Organisations rely on technology, systems and Information to support their business goals. It is important that organisations apply a similar level of rigour to assessing the risks to its technology, systems and information assets as it would to other risks that might have a material business impact, such as regulatory, financial or operational risks. This can be achieved by embedding an appropriate risk management regime across the organisation, which is actively supported by the board, senior managers and an empowered governance structure.
Defining and communicating the organisation’s attitude and approach to risk management is crucial. Boards may wish to consider communicating their risk management approach and policies across the organisation to ensure that employees, contractors and suppliers are aware of the organisation’s risk management boundaries.
What is the risk?
Taking risk is a necessary part of doing business in order to create opportunities and help deliver business objectives. For any organisation to operate successfully it needs to address risk and respond proportionately and appropriately to a level which is consistent with what risks an organisation is willing, or not, to tolerate. If an organisation does not identify and manage risk it can lead to business failure.
The lack of an effective risk management and governance structure may lead to the following:
- Exposure to risk: Without effective governance processes the Board will be unlikely to understand and manage the overall risk exposure of the organisation.
- Missed business opportunities: Risk decisions taken within a dedicated security function, rather than organisationally, will be motivated by achieving high levels of security. This may promote an overly cautious approach to risk leading to missed business opportunities or additional cost.
- Ineffective policy implementation: The board has overall ownership of the corporate security policy. Without effective risk management and governance processes the Board won't have confidence that its stated policies are being consistently applied across the business as a whole.
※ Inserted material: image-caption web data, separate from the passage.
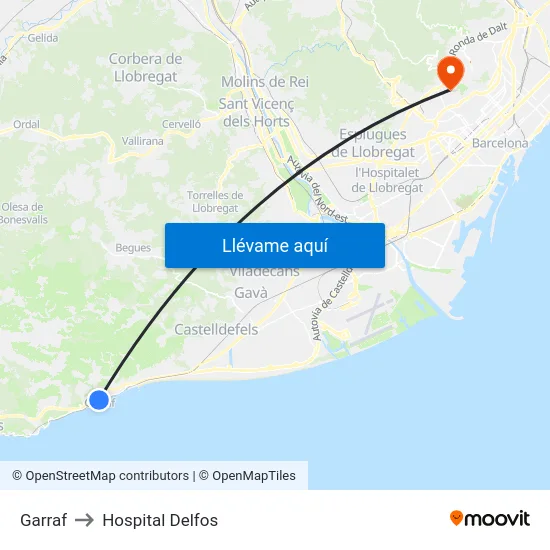 Garraf to Hospital Delfos map
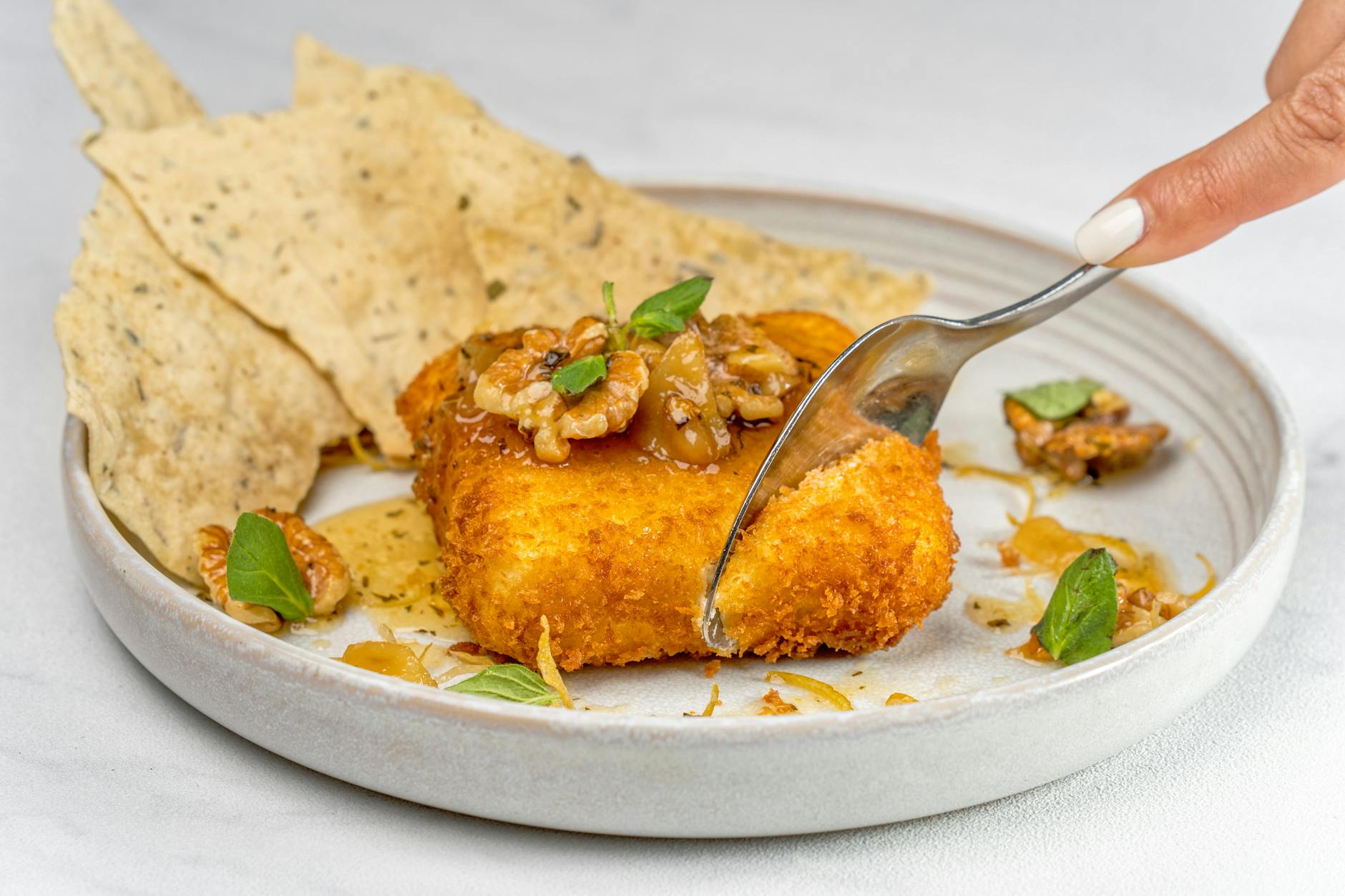 Crispy Feta with Honey, Walnuts & Crackers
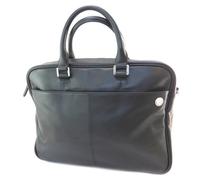 Serviette porte-documents cuir 'Pierre Cardin' noir (1 soufflet) - 40x28.5x8 cm [P4335]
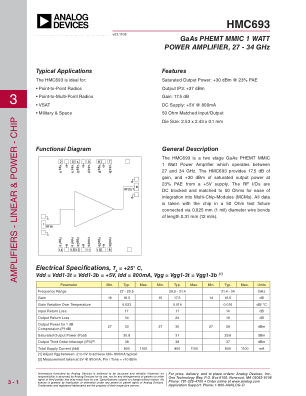 HMC693 datasheet cover page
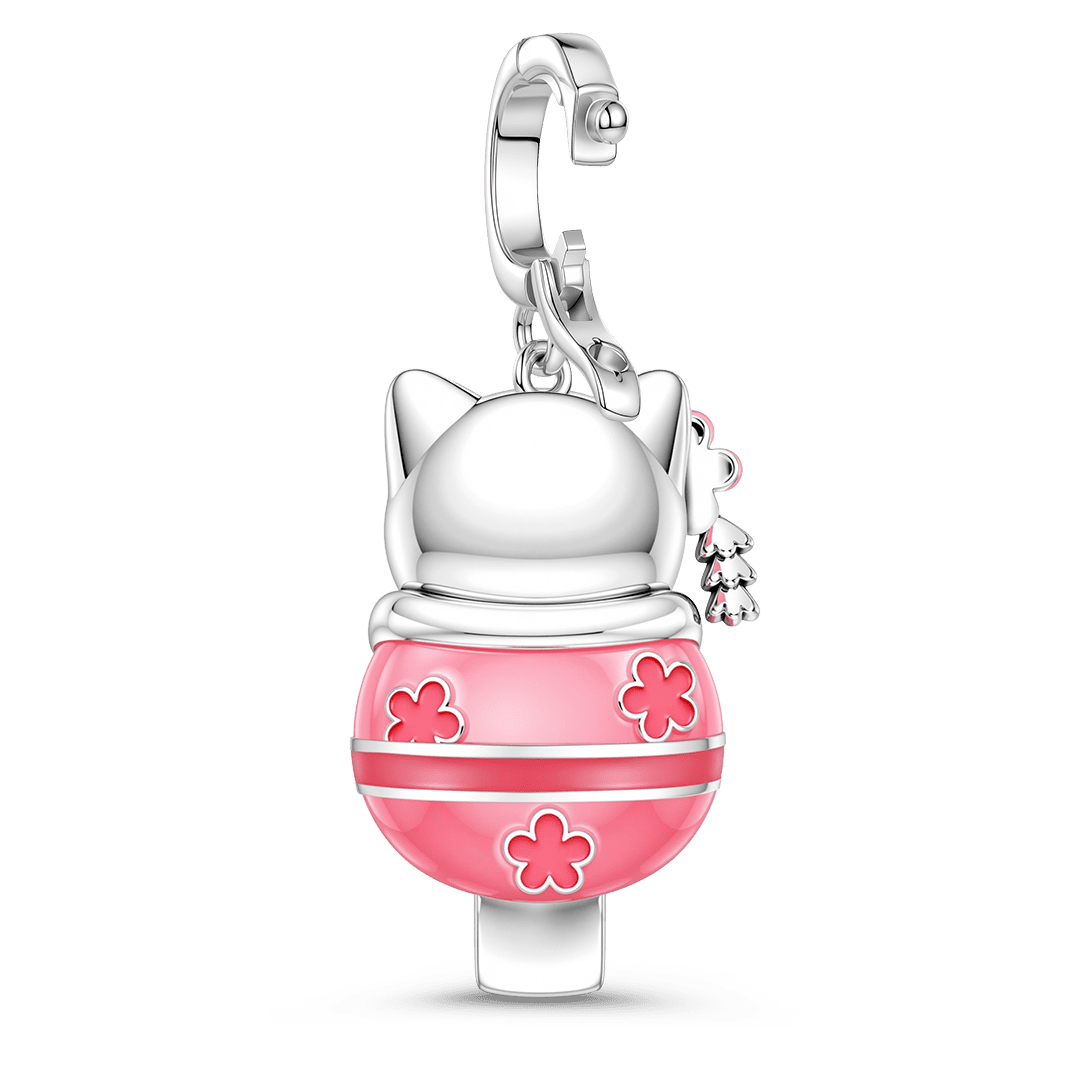 Gnoce Glow In Dark Japanese Sakura Lucky Cat Clasp Dangle Charm Platinum-plated Silver Blend_7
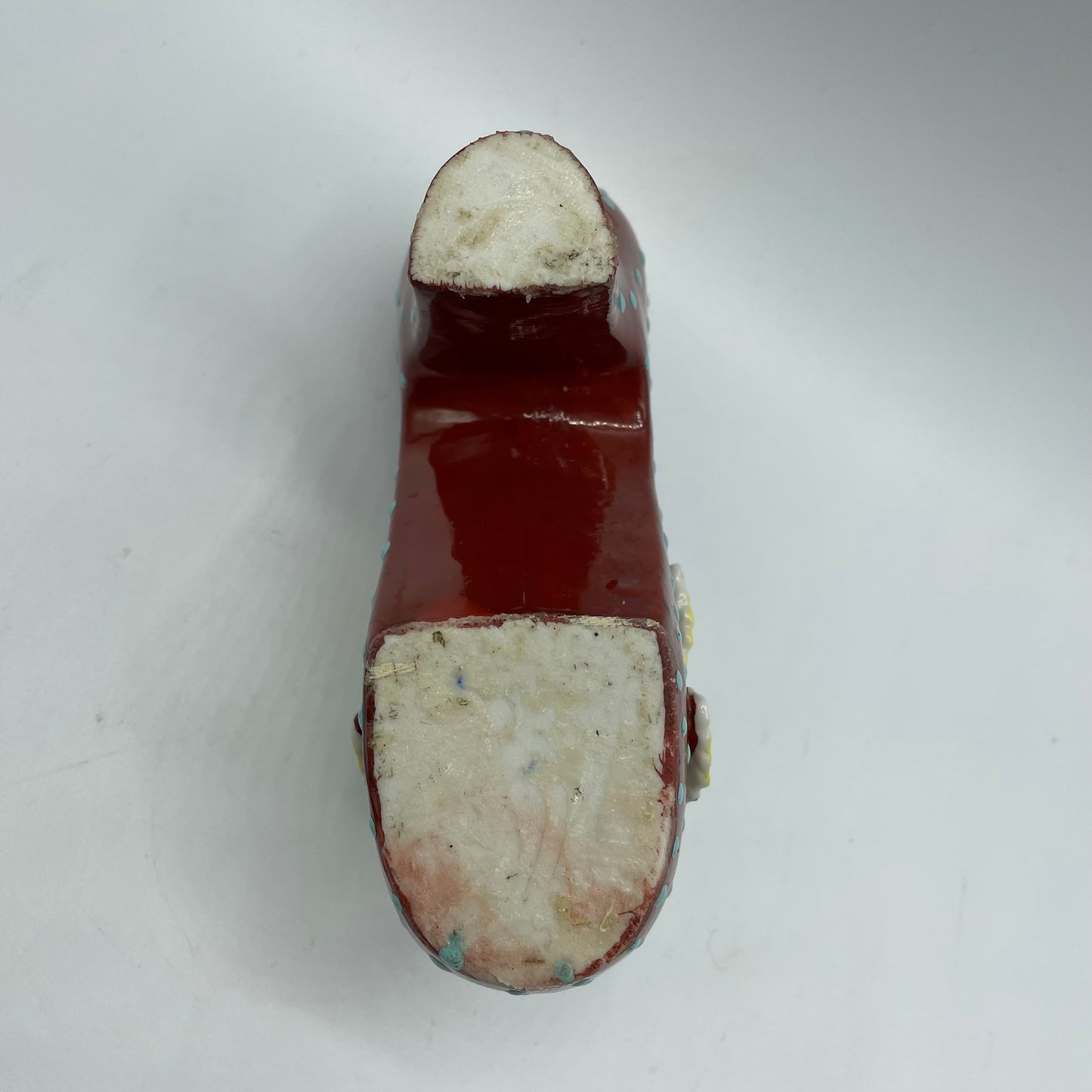 Vintage Ceramic High Heel Shoe Figurine Reddish Brown Blue Polka Dots & Flowers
How can the risk be managed?
Establish a governance framework: A governance framework needs to be established that enables and supports a consistent and empowered approach to risk management across the organisation, with ultimate responsibility residing at board level;
Determine what risks an organisation is willing to tolerate and what is unacceptable: Agree what risks you are prepared to tolerate in pursuit of your business objectives. Produce guidance and statements that helps individuals throughout the organisation make appropriate risk based decisions.
Maintain board engagement: The board should regularly review risks that may arise from an attack on technology or systems used. To ensure senior ownership and oversight, the risks resulting from attack should be documented in the corporate risk register and regularly reviewed. Entering into knowledge sharing partnerships with other companies and law enforcement, and joining the CiSP Information Sharing Platform, can help you understand new and emerging threats as well as share approaches and mitigations that might work.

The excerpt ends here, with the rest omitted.